E viver a diversidade, para Palácio, envolve que ele mesmo entre em contato com diferentes realidades. É por isso que, no Insper, ele participa da Comissão de Diversidade, Equidade e Inclusão. “Fazer parte da comissão é importante também para eu criar uma conexão com outros grupos”, observa. “Acesso comunidades que eu não acessaria estando apenas na minha função.”

Isso ajuda também, comenta, na sua própria atuação como community manager no Hub de Inovação do Insper. “É importante que eu tenha essa abertura para a diferença, diversidade e inclusão, para que cada membro da minha comunidade seja compreendido na sua individualidade e em como faz a diferença no negócio e na sociedade.”

Ele procura também promover negócios de impacto LGBTQIAP+ e mostrar como empreender com diversidade em mente é fundamental. “Principalmente hoje, não dá para dissociar o que você é do seu trabalho, está tudo conectado”, diz. “Muitas pessoas esperam que a gente não se exponha, mas nesse caso isso significa não viver, não cultivar o que você tem de próprio.”

Segundo Palácio, as empresas estão muito mais receptivas para o tema do que há pouco mais de uma década, quando ele começou a trabalhar. Mas, critica, ainda existe muito “pinkwashing” nas empresas. “Muitas promovem a causa da diversidade no discurso, mas, na prática, faltam ações práticas”, afirma. Por exemplo, cita, não têm banheiro multigênero, não têm comissão de diversidade cuja participação esteja incluída na carga horária dos funcionários, nem incluem casais homoafetivos em benefícios como licenças-maternidade ou paternidade e plano de saúde.

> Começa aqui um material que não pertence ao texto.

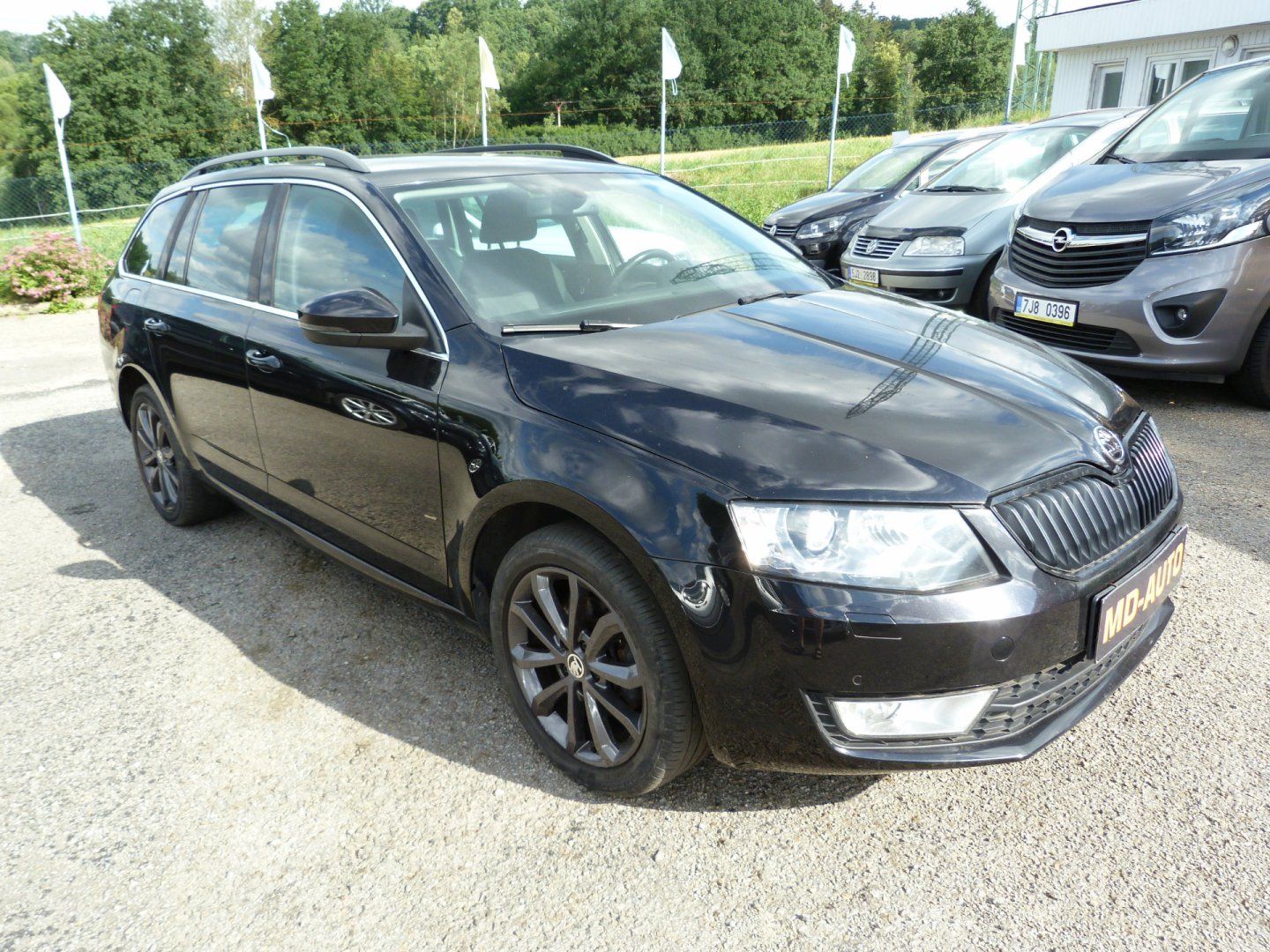 Škoda Octavia, 2.0 TDI - fotka 3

Outras políticas fundamentais seriam campanhas de sensibilização que convidassem de fato as pessoas protagonistas das causas e a criação de vagas afirmativas. “Se você não tiver essas contratações intencionais, o natural é o status quo continuar”, diz Palácio. “Então é importante trazer as cotas porque você dá possibilidade para pessoas muito talentosas e promissoras no ambiente e vai garantindo que a igualdade se amplie com o tempo.”